Et il sut : ce que cette trouée dans la colline avait blessé, c’était sa solitude.
Cette solitude, il l’avait convoitée longtemps. Il avait pris l’habitude de se la figurer, d’imaginer avec un luxe de détails quelles formes elle pourrait prendre. C’est ainsi qu’il supportait la promiscuité des casernes et des camps de base. À l’époque, quand il ne trouvait pas le sommeil, il l’élaborait patiemment, la construisait en pensée, à la manière des cités virtuelles des jeux vidéo. Il imaginait d’abord le lieu : une forêt, une île, une montagne. Il s’y voyait libre de son temps, libre de ses gestes, libre de son apparence ; libre de ne pas parler, de laisser pousser sa barbe et ses cheveux, de gouverner lui-même le déroulement de ses journées. Il mangerait quand il aurait faim, se coucherait quand son corps serait fatigué, se lèverait avec la lumière du jour. Dans ces fantasmes, la solitude impliquait toujours la nature : le bruit du vent dans les arbres, celui de la pluie sur le toit, le silence criblé d’étoiles des nuits d’hiver…

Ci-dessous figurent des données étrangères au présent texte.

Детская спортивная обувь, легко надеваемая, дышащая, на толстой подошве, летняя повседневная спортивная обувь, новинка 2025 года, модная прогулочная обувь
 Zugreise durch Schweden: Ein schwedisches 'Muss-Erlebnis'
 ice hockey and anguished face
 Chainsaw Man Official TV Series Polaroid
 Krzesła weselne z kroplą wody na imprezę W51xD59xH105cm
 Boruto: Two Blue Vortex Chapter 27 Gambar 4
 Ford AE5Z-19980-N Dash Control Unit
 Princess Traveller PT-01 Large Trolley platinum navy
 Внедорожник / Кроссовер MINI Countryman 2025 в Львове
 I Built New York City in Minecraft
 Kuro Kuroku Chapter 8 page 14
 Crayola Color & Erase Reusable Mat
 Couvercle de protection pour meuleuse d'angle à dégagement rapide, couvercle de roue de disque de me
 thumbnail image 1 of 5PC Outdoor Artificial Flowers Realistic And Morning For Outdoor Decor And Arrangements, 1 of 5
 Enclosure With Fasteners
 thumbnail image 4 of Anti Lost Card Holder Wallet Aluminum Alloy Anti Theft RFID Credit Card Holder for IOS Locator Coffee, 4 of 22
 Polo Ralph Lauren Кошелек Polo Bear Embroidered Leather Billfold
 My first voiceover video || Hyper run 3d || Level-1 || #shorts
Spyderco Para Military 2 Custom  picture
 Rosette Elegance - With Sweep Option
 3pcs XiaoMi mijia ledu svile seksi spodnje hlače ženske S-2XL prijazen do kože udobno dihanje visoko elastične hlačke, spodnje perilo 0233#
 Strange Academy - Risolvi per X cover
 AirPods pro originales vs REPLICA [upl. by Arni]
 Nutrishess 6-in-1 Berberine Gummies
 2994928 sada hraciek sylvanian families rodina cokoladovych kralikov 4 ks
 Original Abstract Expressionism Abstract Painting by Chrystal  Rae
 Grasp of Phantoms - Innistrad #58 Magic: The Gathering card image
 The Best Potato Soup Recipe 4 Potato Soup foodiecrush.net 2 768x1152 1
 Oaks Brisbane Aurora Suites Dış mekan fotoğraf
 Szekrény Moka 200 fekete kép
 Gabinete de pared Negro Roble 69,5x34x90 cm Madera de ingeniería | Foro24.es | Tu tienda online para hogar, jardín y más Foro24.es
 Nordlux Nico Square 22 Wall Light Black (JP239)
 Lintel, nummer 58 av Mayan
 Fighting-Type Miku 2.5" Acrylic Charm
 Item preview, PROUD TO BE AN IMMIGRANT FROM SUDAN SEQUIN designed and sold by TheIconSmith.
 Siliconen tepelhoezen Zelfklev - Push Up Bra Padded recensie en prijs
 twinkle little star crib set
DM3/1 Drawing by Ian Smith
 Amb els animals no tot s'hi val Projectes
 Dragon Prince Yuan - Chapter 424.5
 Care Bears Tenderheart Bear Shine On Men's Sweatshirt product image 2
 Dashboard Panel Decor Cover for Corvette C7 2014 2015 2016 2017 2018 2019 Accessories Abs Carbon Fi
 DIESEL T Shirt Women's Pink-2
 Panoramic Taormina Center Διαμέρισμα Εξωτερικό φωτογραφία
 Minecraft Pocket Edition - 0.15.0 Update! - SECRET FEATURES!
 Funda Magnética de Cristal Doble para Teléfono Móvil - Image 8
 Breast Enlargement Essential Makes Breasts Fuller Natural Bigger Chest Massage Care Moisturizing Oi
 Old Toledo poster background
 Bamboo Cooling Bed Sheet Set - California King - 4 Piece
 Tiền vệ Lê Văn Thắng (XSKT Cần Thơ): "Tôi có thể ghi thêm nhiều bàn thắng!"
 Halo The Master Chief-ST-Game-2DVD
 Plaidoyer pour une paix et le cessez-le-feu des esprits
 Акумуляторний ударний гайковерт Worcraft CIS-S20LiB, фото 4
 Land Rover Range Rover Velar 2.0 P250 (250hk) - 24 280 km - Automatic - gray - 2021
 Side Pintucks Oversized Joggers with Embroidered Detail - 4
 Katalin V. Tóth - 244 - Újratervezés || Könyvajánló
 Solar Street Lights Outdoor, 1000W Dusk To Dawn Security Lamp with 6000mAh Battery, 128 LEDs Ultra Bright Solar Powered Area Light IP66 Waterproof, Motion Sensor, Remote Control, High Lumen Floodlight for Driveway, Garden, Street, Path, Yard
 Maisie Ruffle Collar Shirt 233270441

Quand il avait vu le chalet, il avait vu tout cela et il n’avait pas hésité. Durant ses quinze ans de service, il avait mis de côté, systématiquement, au moins la moitié de solde. Comptabilité tristement raisonnable ou peur de l’avenir – toujours est-il que le jour où il était monté là pour la première fois, tout avait pris son sens.
Le premier roman d’Olivier Ciechelski suit le parcours d’un homme désireux de solitude et rattrapé par la violence. En collant au plus près de son personnage, l’auteur observe sans relâche Stan fuyant dans la forêt et dans la montagne. Reclus dans son chalet et dans un quotidien épuré, Stan veut avant tout être tranquille. Il est habité par un passé douloureux, ce qui l’a plongé dans un certain mutisme. Cette part obscure ne cesse de grandir et de colorer l’histoire.
Le récit captive, alternant scènes d’observation et d’action. Mis à l’épreuve par ses voisins, il n’oublie pas de s’adapter aux lieux. Il les regarde, tente de les sentir, en ayant toujours en tête la menace qui plane sur lui. Le roman se teinte alors d’odeurs, de goûts et de lumières. L’ambiance ne cesse de bouger, suivant les doutes et la permanente instabilité du personnage. Plus on monte dans la montagne, plus l’horizon s’obscurcit. L’histoire se resserre autour d’un enjeu aussi simple que puissant : la survie de son personnage. Stan veut échapper à une mort qui lui semble promise depuis longtemps. Il se retrouve face à la nature et à des questionnements de plus en plus en profonds. Il laisse son humanité de diluer dans une fuite effrénée. L’observation fine de cet être en perdition ajoute une dimension tragique à ce roman dont l’intensité ne faiblit jamais.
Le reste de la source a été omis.